Anyway the Music Centre had a turntable, radio and single cassette deck. Much was made of the stylus that we believed was a diamond. If so, it was the only diamond in our house. The Music Centre had a smoked-glass-effect lid. There were lots of dials and switches whereby you could alter what came out of the speakers and increase the treble or bass, plus the displays were backlit, adding more drama. It looked very grand, very hi-tech so we approached it with awe, as if it were a spacecraft that had landed in the front room or at the very least the control panel of an aeroplane or the dashboard of a car. And the switches! Five knobs representing FM frequencies and an array of black push-in buttons for radio, turntable, cassette, mono, stereo etc. When you taped something from a record, you could see the sound levels rise and fall by watching a white needle (one for each speaker) waver back and forth. It was Dad's custom to tape records and sit perched by these tiny levers so that he could alter how the record sounded - evidently thought he knew better than the orchestra conductor. It was the height of sophistication and class, especially for us as we only had a black-and-white TV and had no idea that the Waltons were redheads or what colour the uniforms in Star Trek were. To us, (until 1981), they were all shades of grey.

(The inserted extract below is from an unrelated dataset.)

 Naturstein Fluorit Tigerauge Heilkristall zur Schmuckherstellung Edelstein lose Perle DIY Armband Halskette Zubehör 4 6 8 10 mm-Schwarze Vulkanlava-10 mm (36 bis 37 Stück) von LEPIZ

Our family has always been a little technologically backward and I only got my first mobile phone Christmas 2010 and still don’t really know how to use it. We’re not quite Luddites but we’re getting there. Or rather not getting there. Still prefer video to DVD and analogue to digital. Dad still has the Music Centre although somewhere along the line, we stopped using its full title and for a while it became just the stereo but the cassette deck no longer works and, as it got older, the right-hand speaker grew temperamental and would sometimes cut out. This could be got round in a couple of ways. If you held the stereo button down firmly for a bit and then let go, it would sometimes bring the speaker back or if you ran your fingers across all the buttons in the direction of the speaker, that might work. It was obviously some loose connection. Now the turntable and radio still work ok but Dad hardly ever uses it, preferring DVDs and CDs although at one stage, he rigged the sound from the TV to come out of the Music Centre's speakers.

I still have a great deal of affection for it as the romance of vinyl and the gate-fold sleeve will never be lost on me.

Update:
In 2020 in the middle of Covid, my Dad died and we're having a lot of trouble letting go of his pride and joy.